## What you need to do:
Look below for the line with "Беспроводной комплект клавиатура", then repeat it and all lines after it, exactly, minus any pictures.

## Data shown:
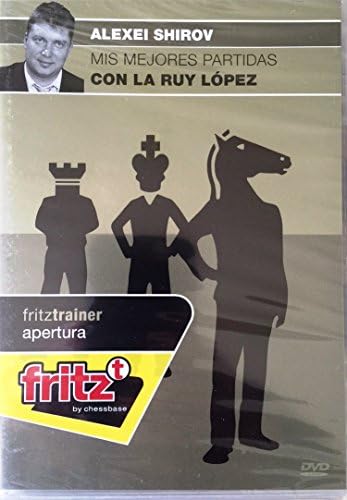 Shirov: Mis mejores partidas con la Ruy López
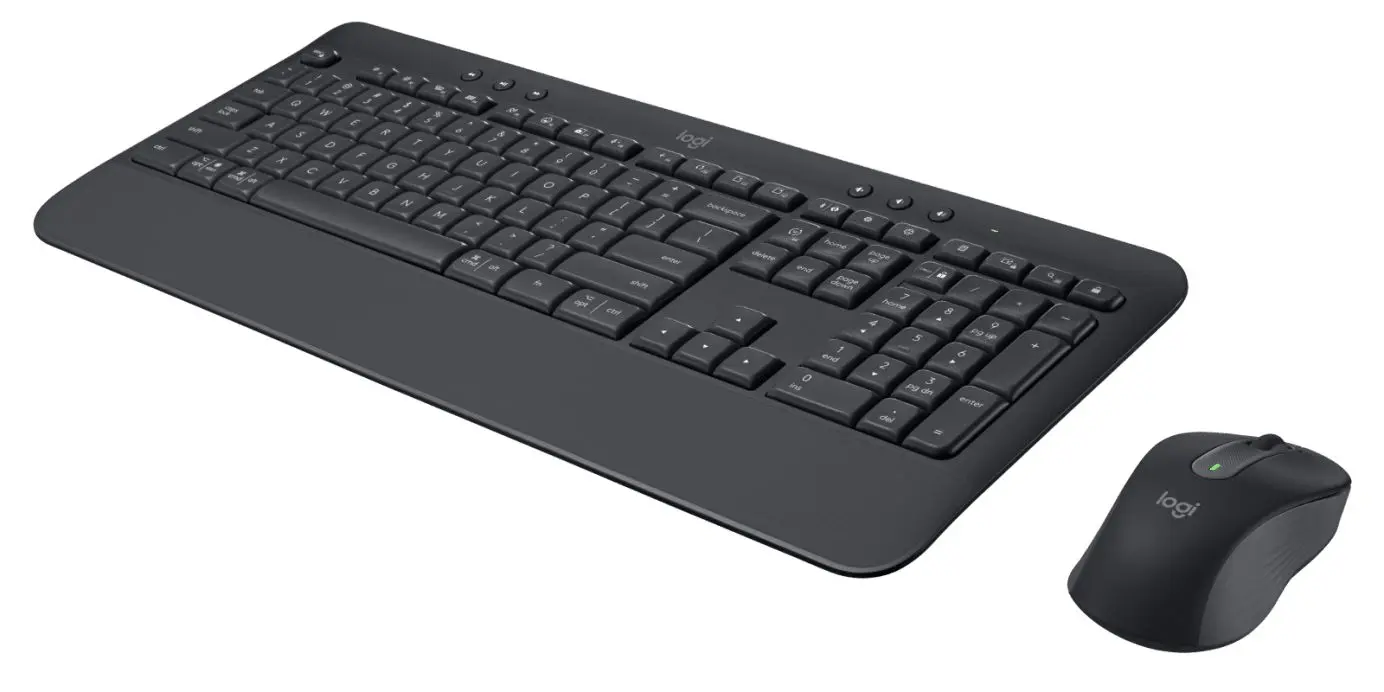 Беспроводной комплект клавиатура + мышь Logitech MK650 (Graphite) - 4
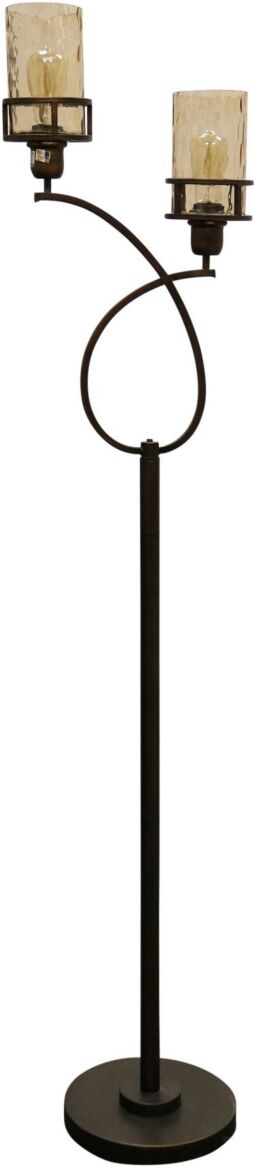 Stylecraft Home Collection StyleCraft Floor Lamp - Bronze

## Result:
 Беспроводной комплект клавиатура + мышь Logitech MK650 (Graphite) - 4
 Stylecraft Home Collection StyleCraft Floor Lamp - Bronze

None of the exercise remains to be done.